Prompt.
In the entries that follow, the lines from the line containing "Hackare som säljer" up to and including the line containing "Eyelet Mocha weverse" must be copied exactly, with pictures omitted.

START Dataset content

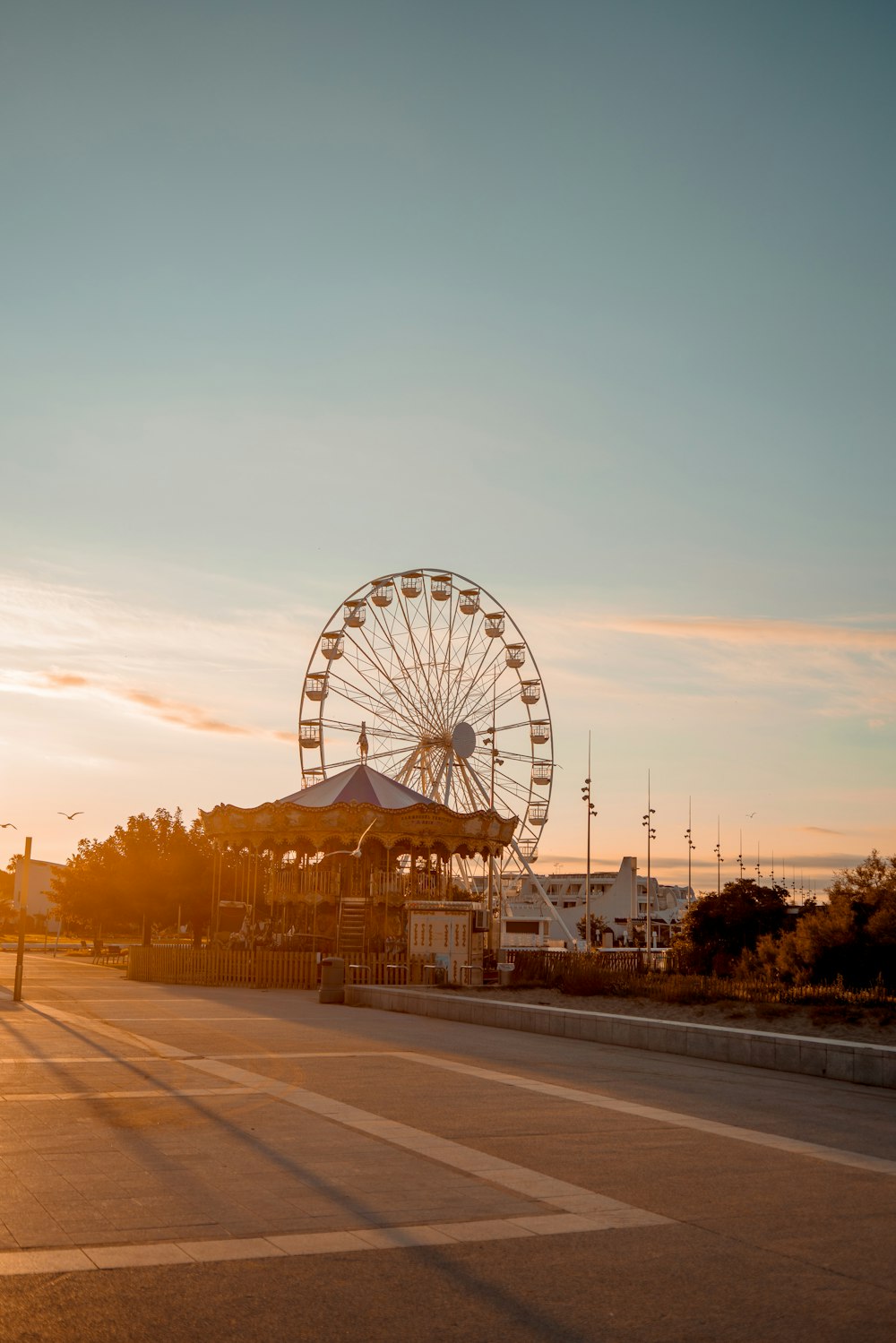 Grande roue sous un ciel nuageux au coucher du soleil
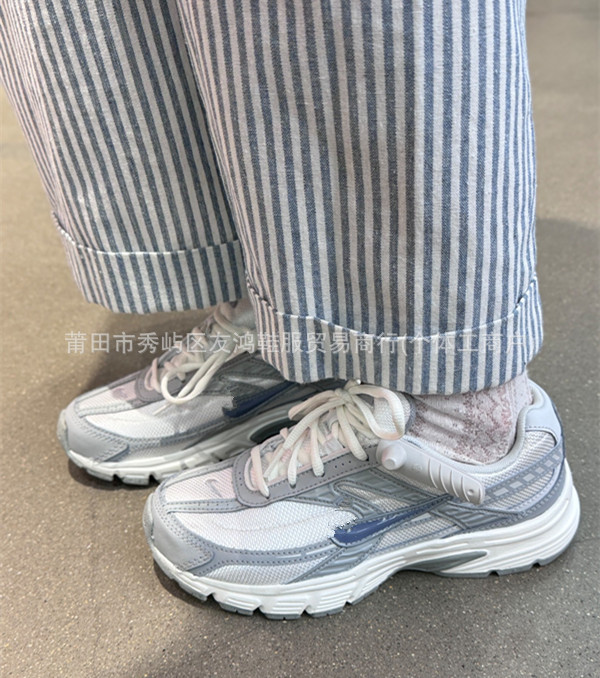 Iグレーブルー HQ1511-121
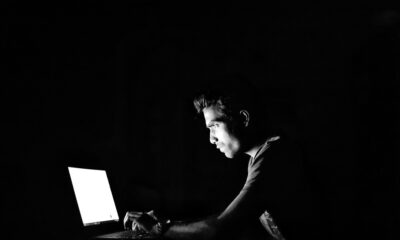 Hackare som säljer 34 miljoner användaruppgifter stulna från 17 företag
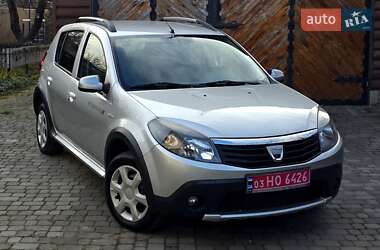 Внедорожник / Кроссовер Dacia Sandero StepWay 2010 в Полтаве
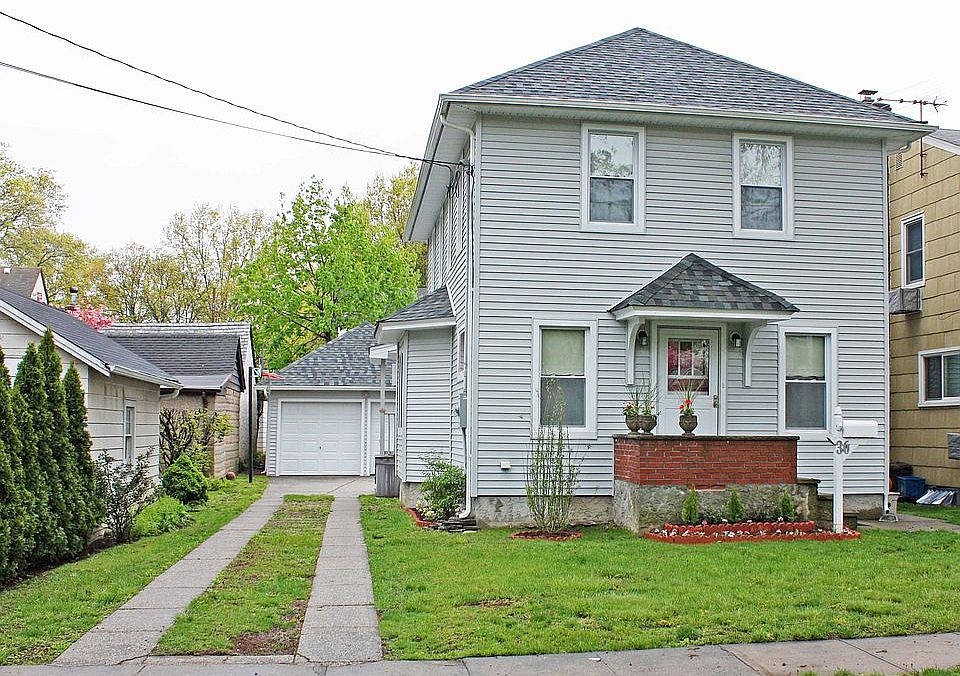 1st image of 36 Oak St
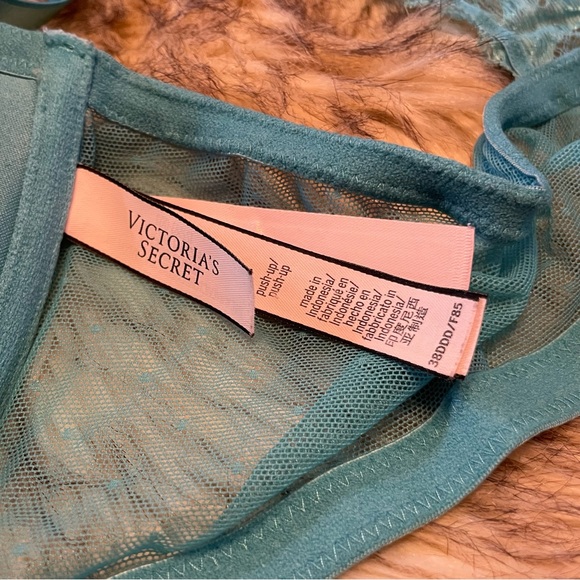 Victoria’s Secret Sexy Tee Lace Push-Up T-Back Bra - Picture 9 of 10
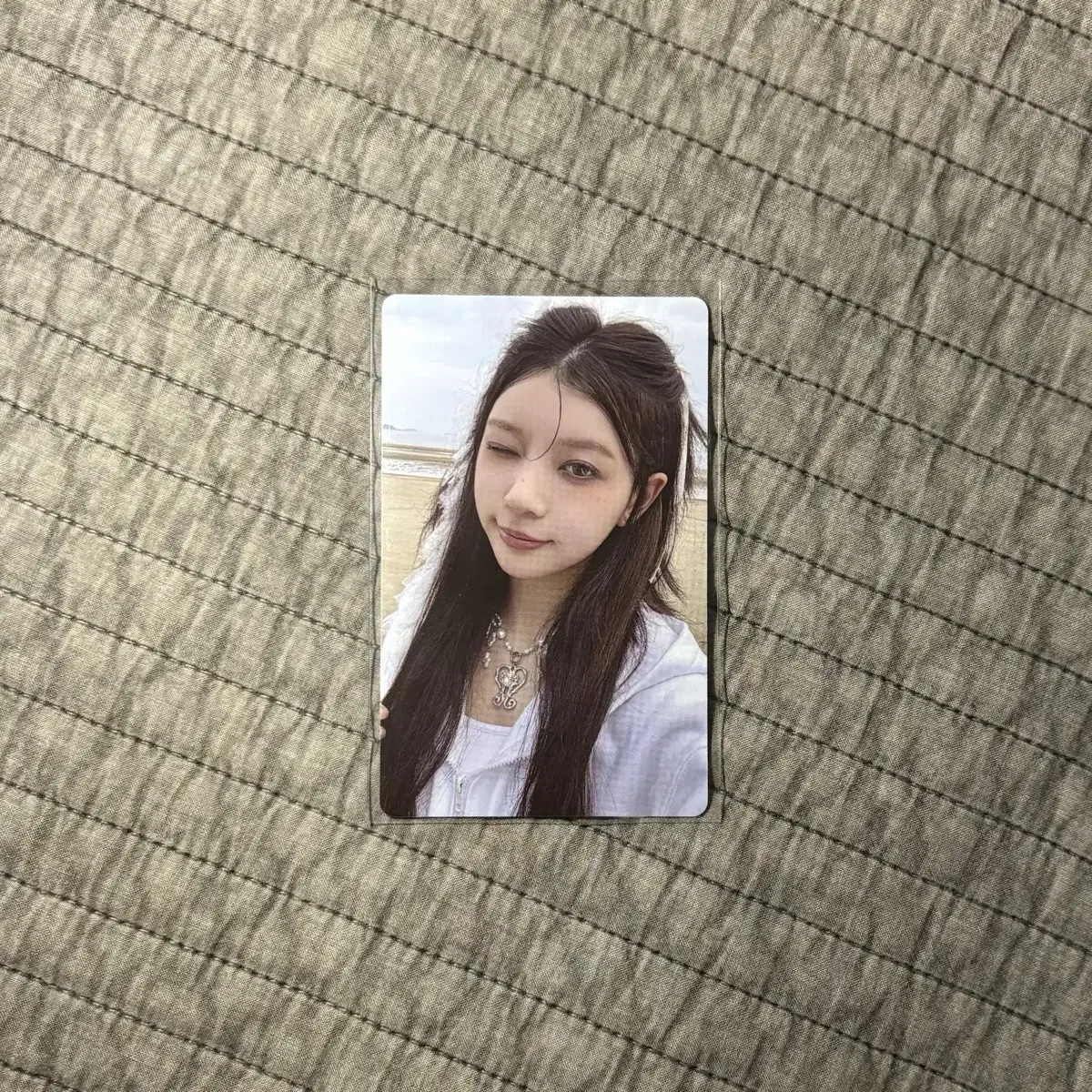 Eyelet Mocha weverse pop up Store pre-order benefit unreleased photocard B Version Set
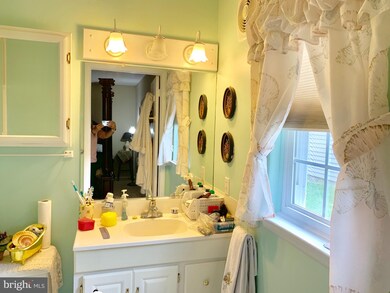 88 Buckingham Dr, Southampton, NJ 08088 - photo 2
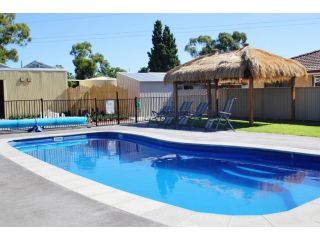 Avondel Caravan Park Accomodation, Bendigo - 2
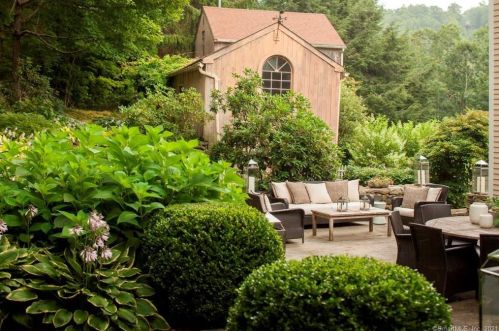 243 Bee Brook Rd, Washington Depot CT  06777-1910 exterior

END Dataset content

Answer box.
 Hackare som säljer 34 miljoner användaruppgifter stulna från 17 företag
 Внедорожник / Кроссовер Dacia Sandero StepWay 2010 в Полтаве
 1st image of 36 Oak St
 Victoria’s Secret Sexy Tee Lace Push-Up T-Back Bra - Picture 9 of 10
 Eyelet Mocha weverse pop up Store pre-order benefit unreleased photocard B Version Set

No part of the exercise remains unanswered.